Spend a few minutes to inspect the `FlowerClient` class above. Please ask questions if there is something unclear !

Then keen-eyed among you might have realised that if we were to fuse the client's `fit()` and `evaluate()` methods, we'll end up with essentially the same as in the `run_centralised()` function we used in the Centralised Training part of this tutorial. And it is true!! In Federated Learning, the way clients perform local training makes use of the same principles as more traditional centralised setup. The key difference is that the dataset now is much smaller and it's never _"seen"_ by the entity running the FL workload (i.e. the central server).


### The `client_fn` callback

Now let's see how the `FlowerClient` object above can be used in Flower: we need to construct a `ClientApp`. This can be conveniently be done by means of a `client_fn` callback that will return a `FlowerClient` that uses a specific data partition (`partition-id`). The index of the partition is set internally during the simulation (meaning you shouldn't worry about it this tutorial)

In [None]:
from flwr.common import Context
from flwr.client import ClientApp


def client_fn(context: Context):
    """Returns a FlowerClient containing its data partition."""
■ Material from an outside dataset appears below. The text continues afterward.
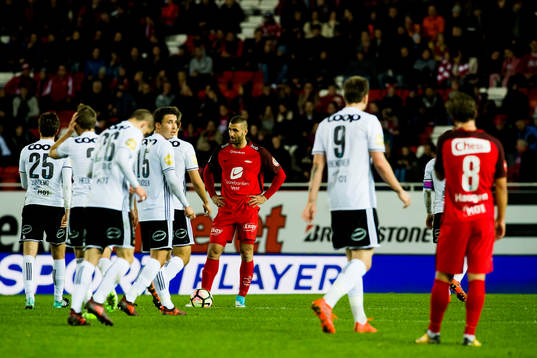 Azar Karadas and Fredrik Haugen of Brann look dejected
    partition_id = int(context.node_config["partition-id"])
    partition = fds.load_partition(partition_id, "train")
    # partition into train/validation
    partition_train_val = partition.train_test_split(test_size=0.1, seed=42)

    # Let's use the function defined earlier to construct the dataloaders
    # and apply the dataset transformations
    trainloader, testloader = get_mnist_dataloaders(partition_train_val, batch_size=32)

    return FlowerClient(trainloader=trainloader, valloader=testloader).to_client()


# Concstruct the ClientApp passing the client generation function
client_app = ClientApp(client_fn=client_fn)

Now that a `ClientApp` is fully defined, let's create its counterpart: the `ServerApp`.

## Defining a Flower `ServerApp`

### Chosing a Flower Strategy


A strategy sits at the core of the Federated Learning experiment. It is involved in all stages of a FL pipeline: sampling clients; sending the _global model_ to the clients so they can do `fit()`; receive the updated models from the clients and **aggregate** these to construct a new _global model_; define and execute global or federated evaluation; and more.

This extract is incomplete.